▼

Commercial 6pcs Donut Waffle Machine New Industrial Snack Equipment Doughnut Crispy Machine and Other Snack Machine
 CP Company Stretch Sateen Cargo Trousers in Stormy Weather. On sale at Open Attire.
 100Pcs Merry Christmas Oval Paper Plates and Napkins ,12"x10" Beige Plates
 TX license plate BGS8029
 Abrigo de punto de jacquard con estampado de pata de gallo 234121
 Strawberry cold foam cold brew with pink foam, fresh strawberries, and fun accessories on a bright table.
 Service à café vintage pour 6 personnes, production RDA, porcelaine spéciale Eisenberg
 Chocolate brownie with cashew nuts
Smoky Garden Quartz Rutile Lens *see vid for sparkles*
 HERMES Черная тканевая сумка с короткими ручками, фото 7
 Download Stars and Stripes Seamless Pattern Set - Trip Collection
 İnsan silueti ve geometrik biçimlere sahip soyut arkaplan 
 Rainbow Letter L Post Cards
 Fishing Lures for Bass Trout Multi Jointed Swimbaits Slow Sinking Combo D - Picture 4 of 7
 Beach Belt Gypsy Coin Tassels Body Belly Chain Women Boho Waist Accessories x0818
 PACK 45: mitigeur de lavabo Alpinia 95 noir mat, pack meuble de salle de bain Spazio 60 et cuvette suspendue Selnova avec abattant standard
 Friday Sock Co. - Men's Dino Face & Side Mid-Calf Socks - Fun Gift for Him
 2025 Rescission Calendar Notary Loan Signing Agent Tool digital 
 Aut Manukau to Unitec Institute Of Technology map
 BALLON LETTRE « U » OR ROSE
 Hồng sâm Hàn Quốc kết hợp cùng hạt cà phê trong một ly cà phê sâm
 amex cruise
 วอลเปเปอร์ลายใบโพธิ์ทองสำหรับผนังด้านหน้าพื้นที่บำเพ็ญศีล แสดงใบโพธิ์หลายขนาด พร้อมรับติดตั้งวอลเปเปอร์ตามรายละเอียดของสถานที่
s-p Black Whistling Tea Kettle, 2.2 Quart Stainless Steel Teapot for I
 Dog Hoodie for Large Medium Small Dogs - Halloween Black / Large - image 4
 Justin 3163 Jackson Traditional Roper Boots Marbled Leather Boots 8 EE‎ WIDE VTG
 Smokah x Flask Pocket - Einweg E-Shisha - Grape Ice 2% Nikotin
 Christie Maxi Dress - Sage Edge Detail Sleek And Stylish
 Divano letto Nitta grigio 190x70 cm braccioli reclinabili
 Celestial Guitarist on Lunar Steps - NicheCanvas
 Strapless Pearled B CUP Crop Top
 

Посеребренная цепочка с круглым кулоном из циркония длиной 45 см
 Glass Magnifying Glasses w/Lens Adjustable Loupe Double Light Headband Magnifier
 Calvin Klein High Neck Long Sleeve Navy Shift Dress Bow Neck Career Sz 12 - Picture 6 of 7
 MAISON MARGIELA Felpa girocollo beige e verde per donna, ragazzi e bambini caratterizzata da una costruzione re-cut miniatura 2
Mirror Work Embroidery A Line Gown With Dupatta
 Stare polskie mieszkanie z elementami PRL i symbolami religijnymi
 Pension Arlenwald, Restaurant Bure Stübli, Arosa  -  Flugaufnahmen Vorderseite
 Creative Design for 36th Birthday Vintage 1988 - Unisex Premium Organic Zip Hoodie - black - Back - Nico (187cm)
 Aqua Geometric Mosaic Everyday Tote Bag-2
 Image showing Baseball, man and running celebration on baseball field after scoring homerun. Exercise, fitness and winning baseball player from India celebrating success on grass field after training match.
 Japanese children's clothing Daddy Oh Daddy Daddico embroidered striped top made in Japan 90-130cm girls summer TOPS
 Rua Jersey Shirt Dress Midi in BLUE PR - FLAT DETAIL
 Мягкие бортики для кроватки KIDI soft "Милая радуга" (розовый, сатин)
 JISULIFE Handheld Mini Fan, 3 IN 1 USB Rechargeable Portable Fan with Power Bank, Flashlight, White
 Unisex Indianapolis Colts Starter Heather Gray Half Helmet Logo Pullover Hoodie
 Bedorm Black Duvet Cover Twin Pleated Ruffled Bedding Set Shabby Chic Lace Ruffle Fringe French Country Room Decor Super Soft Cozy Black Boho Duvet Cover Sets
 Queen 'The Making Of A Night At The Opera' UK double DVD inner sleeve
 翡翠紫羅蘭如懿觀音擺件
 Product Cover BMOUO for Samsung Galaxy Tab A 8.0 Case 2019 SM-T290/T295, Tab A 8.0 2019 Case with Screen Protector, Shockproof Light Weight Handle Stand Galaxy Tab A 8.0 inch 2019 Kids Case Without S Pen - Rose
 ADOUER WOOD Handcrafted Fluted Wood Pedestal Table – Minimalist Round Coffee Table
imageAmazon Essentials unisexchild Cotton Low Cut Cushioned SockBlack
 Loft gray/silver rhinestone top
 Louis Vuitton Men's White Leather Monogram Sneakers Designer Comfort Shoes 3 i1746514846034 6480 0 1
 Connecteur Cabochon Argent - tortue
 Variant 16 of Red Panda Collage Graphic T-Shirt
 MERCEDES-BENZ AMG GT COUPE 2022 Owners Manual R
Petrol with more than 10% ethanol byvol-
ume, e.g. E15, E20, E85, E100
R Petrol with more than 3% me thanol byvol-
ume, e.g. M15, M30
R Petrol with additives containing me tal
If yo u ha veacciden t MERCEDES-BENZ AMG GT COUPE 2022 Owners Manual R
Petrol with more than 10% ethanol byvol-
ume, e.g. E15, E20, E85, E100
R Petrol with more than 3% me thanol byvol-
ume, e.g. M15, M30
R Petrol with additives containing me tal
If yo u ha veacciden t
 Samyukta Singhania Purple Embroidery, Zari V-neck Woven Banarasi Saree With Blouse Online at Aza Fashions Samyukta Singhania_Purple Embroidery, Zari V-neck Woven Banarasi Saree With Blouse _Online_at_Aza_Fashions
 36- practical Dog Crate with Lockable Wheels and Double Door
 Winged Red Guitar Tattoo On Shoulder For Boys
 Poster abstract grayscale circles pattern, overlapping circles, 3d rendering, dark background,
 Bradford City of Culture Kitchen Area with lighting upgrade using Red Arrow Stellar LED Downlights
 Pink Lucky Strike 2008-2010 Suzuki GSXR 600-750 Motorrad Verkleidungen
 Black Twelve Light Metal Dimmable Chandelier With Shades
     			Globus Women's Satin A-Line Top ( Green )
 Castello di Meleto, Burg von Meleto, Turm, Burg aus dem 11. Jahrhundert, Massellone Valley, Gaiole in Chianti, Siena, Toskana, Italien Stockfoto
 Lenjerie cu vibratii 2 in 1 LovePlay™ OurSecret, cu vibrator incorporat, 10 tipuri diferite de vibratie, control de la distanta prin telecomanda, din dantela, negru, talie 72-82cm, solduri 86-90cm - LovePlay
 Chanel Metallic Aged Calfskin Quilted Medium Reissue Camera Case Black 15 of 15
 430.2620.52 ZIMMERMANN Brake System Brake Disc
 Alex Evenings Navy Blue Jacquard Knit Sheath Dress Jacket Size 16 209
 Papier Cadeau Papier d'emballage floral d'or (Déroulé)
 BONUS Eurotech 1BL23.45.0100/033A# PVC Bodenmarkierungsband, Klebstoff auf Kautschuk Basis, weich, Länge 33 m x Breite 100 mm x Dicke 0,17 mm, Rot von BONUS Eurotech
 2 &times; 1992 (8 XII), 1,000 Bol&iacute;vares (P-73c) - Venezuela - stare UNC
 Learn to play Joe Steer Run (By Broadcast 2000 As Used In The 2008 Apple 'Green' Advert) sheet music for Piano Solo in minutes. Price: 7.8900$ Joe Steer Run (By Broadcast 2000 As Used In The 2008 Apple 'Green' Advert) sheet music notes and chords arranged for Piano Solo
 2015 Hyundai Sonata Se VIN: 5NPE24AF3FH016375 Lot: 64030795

▲

--- Work to complete ---
Above are records; repeat only the lines starting at the line with "Calvin Klein High" and ending at the line with "Unisex Indianapolis Colts", exactly as they appear, both included.

--- Result of the exercise ---
 Calvin Klein High Neck Long Sleeve Navy Shift Dress Bow Neck Career Sz 12 - Picture 6 of 7
 MAISON MARGIELA Felpa girocollo beige e verde per donna, ragazzi e bambini caratterizzata da una costruzione re-cut miniatura 2
Mirror Work Embroidery A Line Gown With Dupatta
 Stare polskie mieszkanie z elementami PRL i symbolami religijnymi
 Pension Arlenwald, Restaurant Bure Stübli, Arosa  -  Flugaufnahmen Vorderseite
 Creative Design for 36th Birthday Vintage 1988 - Unisex Premium Organic Zip Hoodie - black - Back - Nico (187cm)
 Aqua Geometric Mosaic Everyday Tote Bag-2
 Image showing Baseball, man and running celebration on baseball field after scoring homerun. Exercise, fitness and winning baseball player from India celebrating success on grass field after training match.
 Japanese children's clothing Daddy Oh Daddy Daddico embroidered striped top made in Japan 90-130cm girls summer TOPS
 Rua Jersey Shirt Dress Midi in BLUE PR - FLAT DETAIL
 Мягкие бортики для кроватки KIDI soft "Милая радуга" (розовый, сатин)
 JISULIFE Handheld Mini Fan, 3 IN 1 USB Rechargeable Portable Fan with Power Bank, Flashlight, White
 Unisex Indianapolis Colts Starter Heather Gray Half Helmet Logo Pullover Hoodie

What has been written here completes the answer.